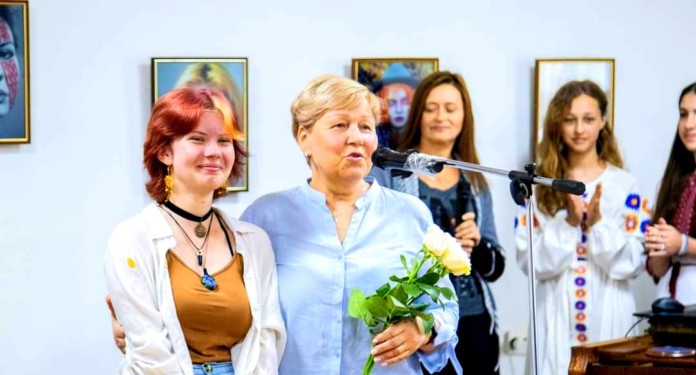 Аліса Олійник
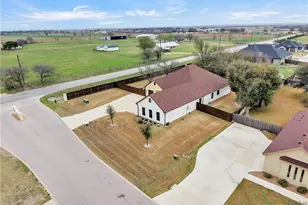 101 Metheglin Dr, Temple, TX 76502 - Photo 2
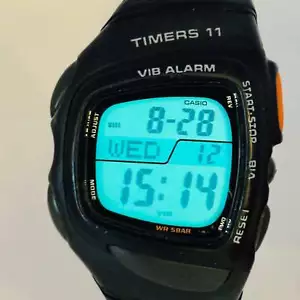 CASIO PHYS RFT-100 quartz There are scratches on the windshield and case 38.0mm - Picture 1 of 17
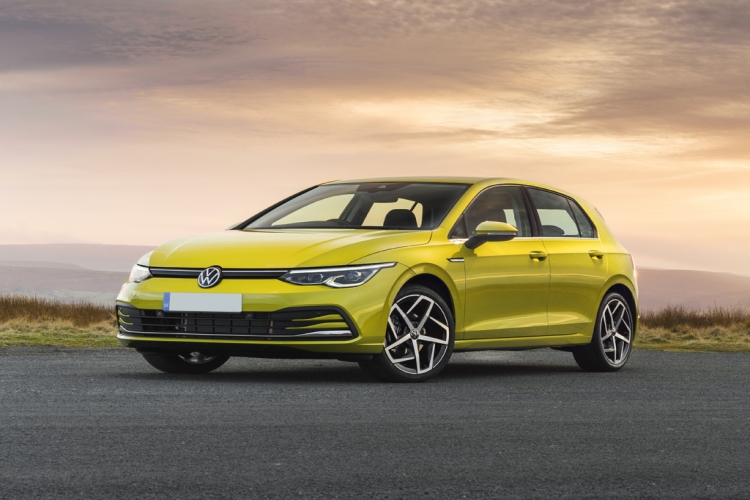 VOLKSWAGEN GOLF HATCHBACK R-Line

------------------------------------------------------------------------

Work task:
Could you transcribe exactly the lines from the one with "101 Metheglin Dr, Temple, TX 76502 - Photo 2" through the end of the data, both ends included, and nothing else, skipping the pictures?

Answer to the exercise:
 101 Metheglin Dr, Temple, TX 76502 - Photo 2
 CASIO PHYS RFT-100 quartz There are scratches on the windshield and case 38.0mm - Picture 1 of 17
 VOLKSWAGEN GOLF HATCHBACK R-Line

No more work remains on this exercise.